The virtuous soul, too, is sweet, but its sweetness has a different flavor. It is not the calm, placid sweetness of day, nor the passionate but pricking sweetness of the rose’s intensity of hue—not a sensual sweetness, which can always fall, die, close, and turn to coal, but the sweetness of inner strength, strength tested and “season’d” by the world and experience. The soul experiences the world turn to coal, and then it is that its virtue truly proves itself by having the strength to outlast the perishing of worldly delights.

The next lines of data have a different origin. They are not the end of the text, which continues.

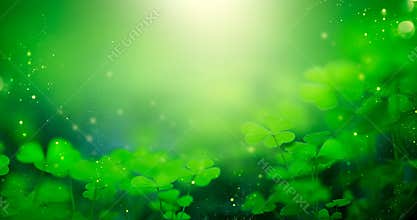 St. Patrick`s Day green blurred background with shamrock leaves. Patrick Day. Abstract border art design. Magic clover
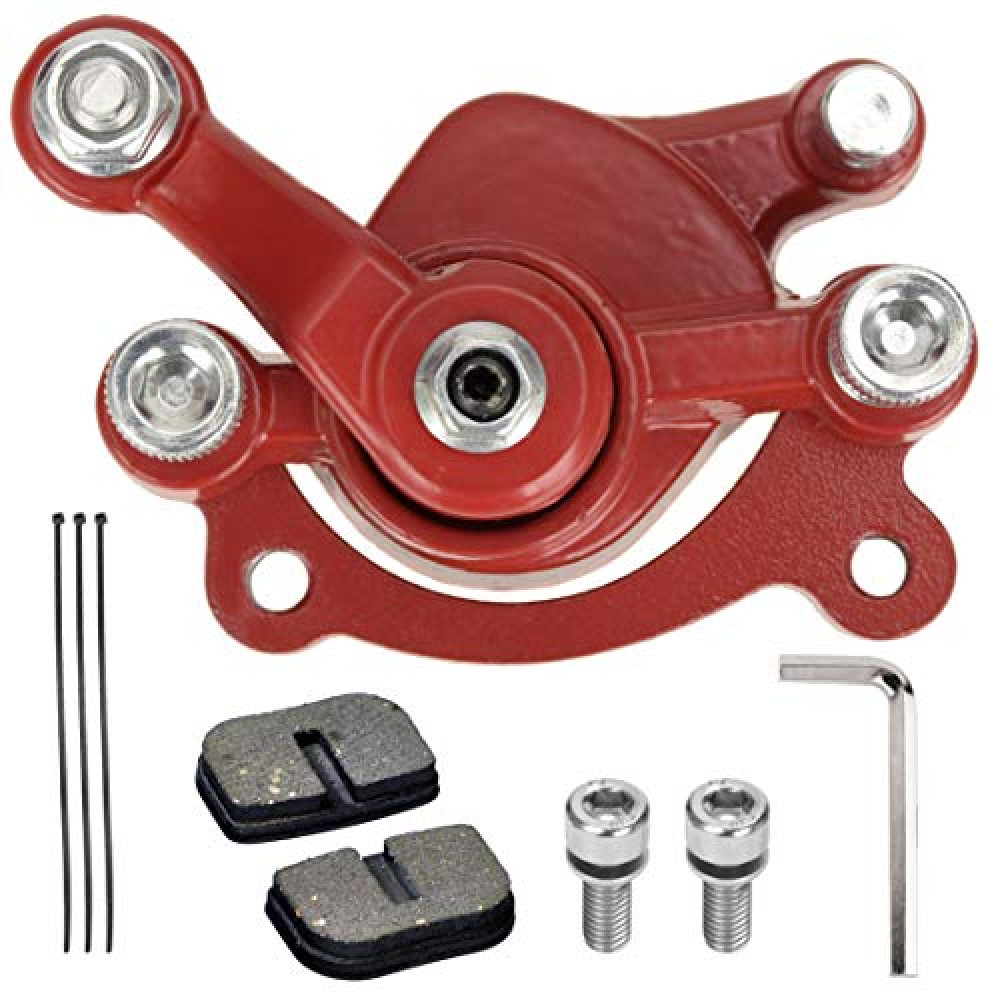 FVRITO Front Brake Caliper and Pad for Classic 80cc MM-B80 105cc 1000w MM-E1000 Motovox MBX10 MBX11 Coleman CT100U CC100X Mini Bike 47 49cc Mini ATV Standard Scooter Dirt Pocket Bike Go Kart Red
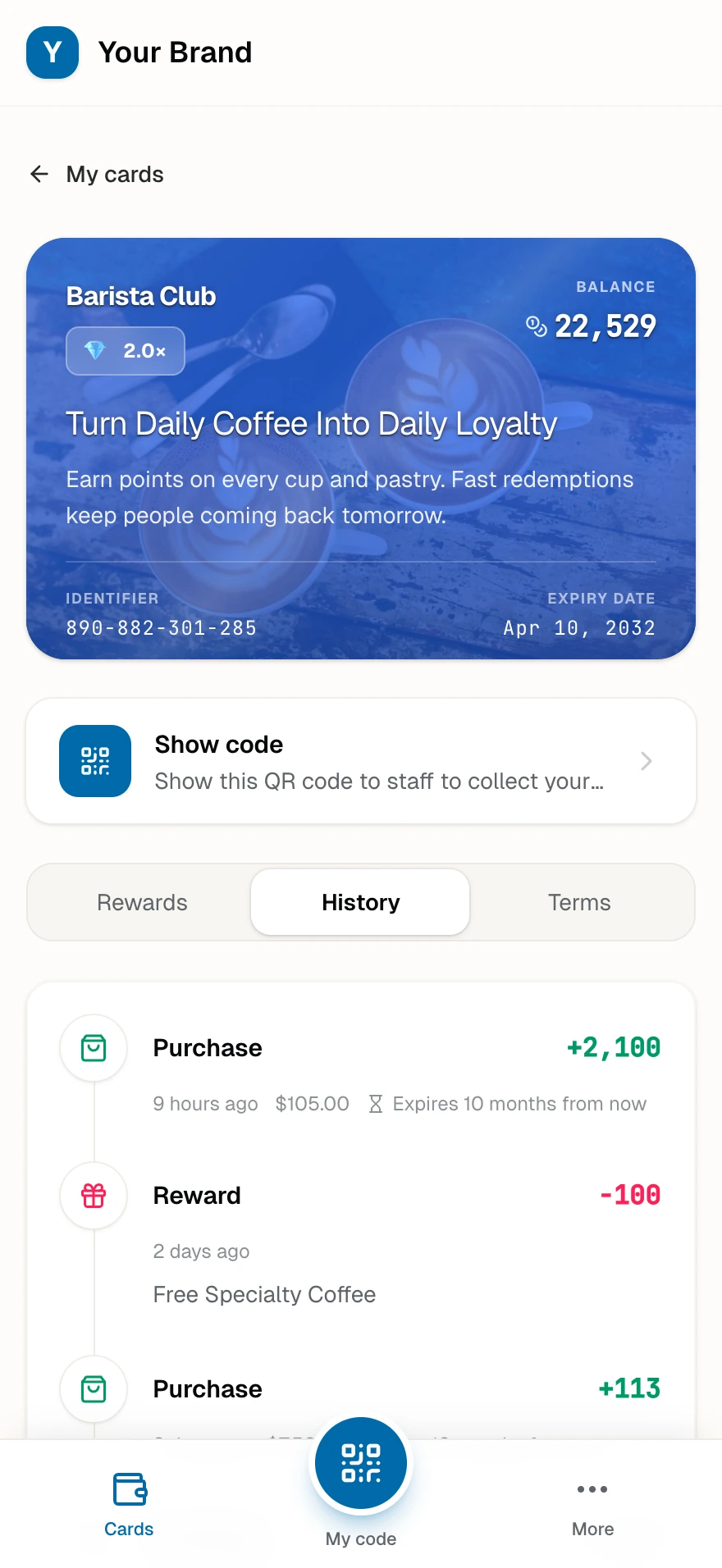 A card's transaction history with purchases, earned points, reward redemptions, and the expiry date on each entry.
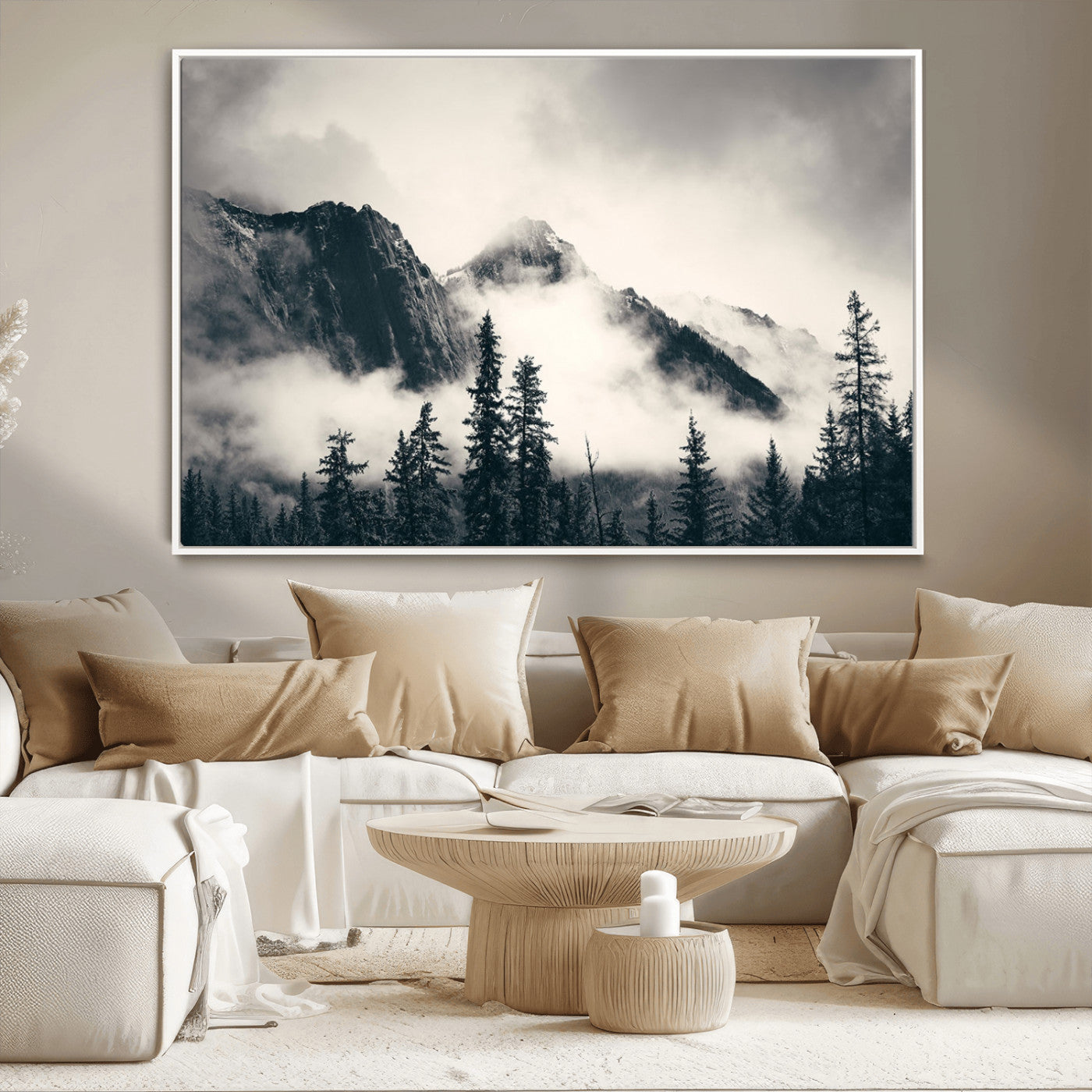 MGV-FC-36X24 - Large Foggy Mountain Forest Wall Art Canvas Print | Misty Mountain Peaks and Pine Trees Print | Framed Gallery Wrap | Rustic Nature Farmhouse Decor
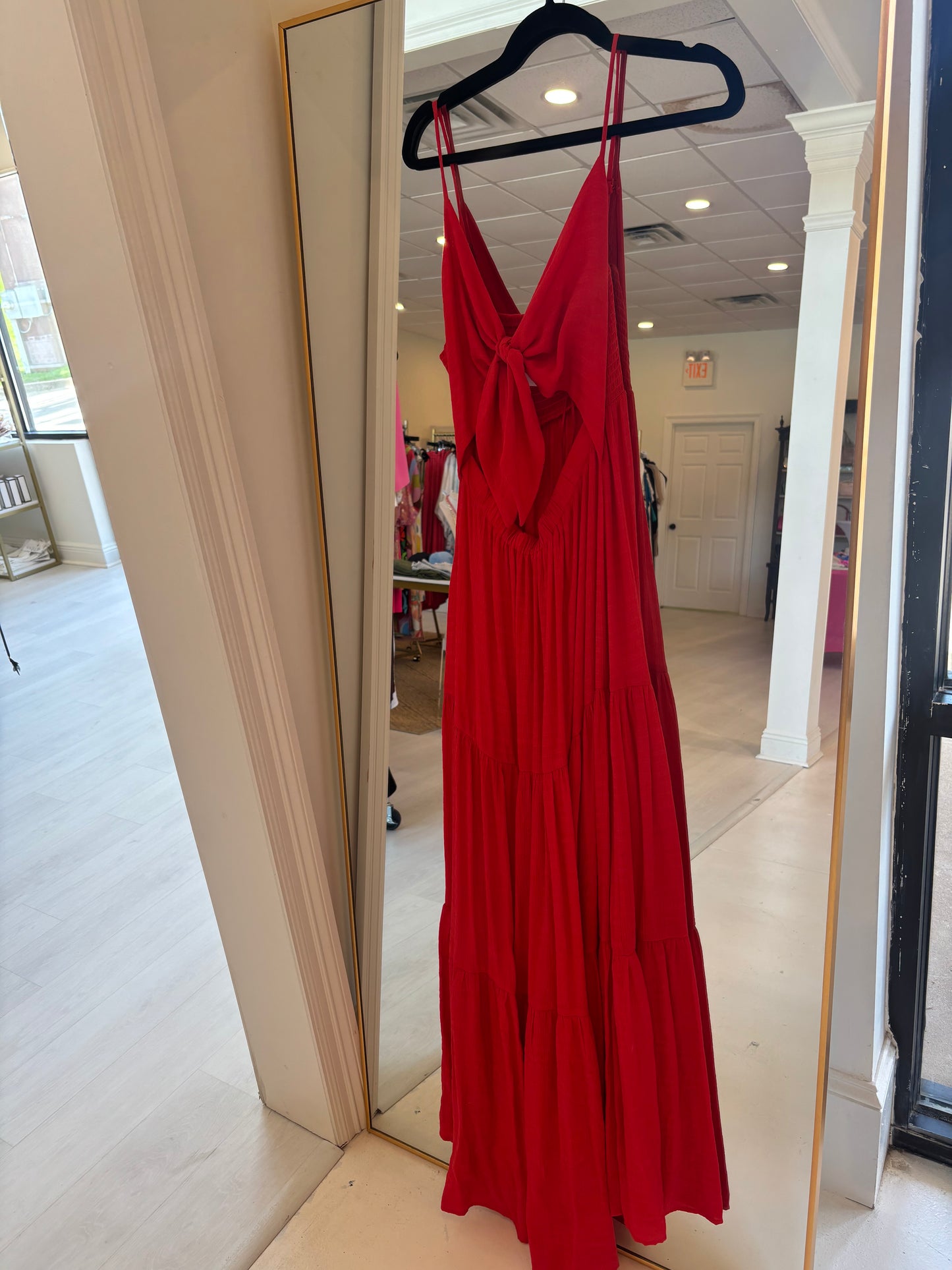 EAB Favorites Textured Woven Red Maxi Dress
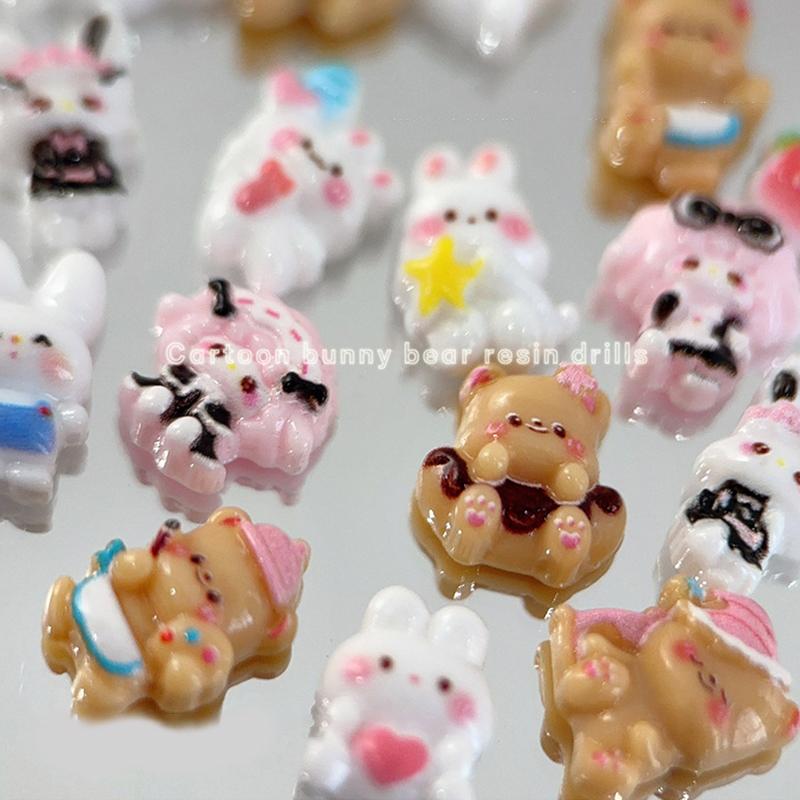 30Pcs Cartoon Bunny Nail Art Charm 3D Candy Color Resin Cartoon Little Brown Bear Nail Decoration Kawaii Nail Accessories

Untested virtue is sweet, but virtue tested is sweeter.
Beauty Tip
Send a postcard to a friend or relative who lives far away—it’s a fun and simple way to stay in touch! There’s also something called Postcrossing, where you can send and receive postcards to and from random people around the world, if you’re looking for a reason to have more (non-junk) snail mail in your life.
Lingering Question
What in your life do you need to make peace with so that you can put your energy into things that are important for your future?
Gilles de Bure from Gruau (1989).
Interestingly enough, Donne was patronized by Herbert’s mother, dedicated his Holy Sonnets to her, and gave her funeral sermon, and he was also Herbert’s godfather.
Ramya, I love your Friday Frivolities. It is a treat!
What a pleasant surprise to see George Herbert here! Meanwhile, I should definitely make peace with that I am a slow writer and just get to work, instead of complaining to myself on how long it will take me to finish a book.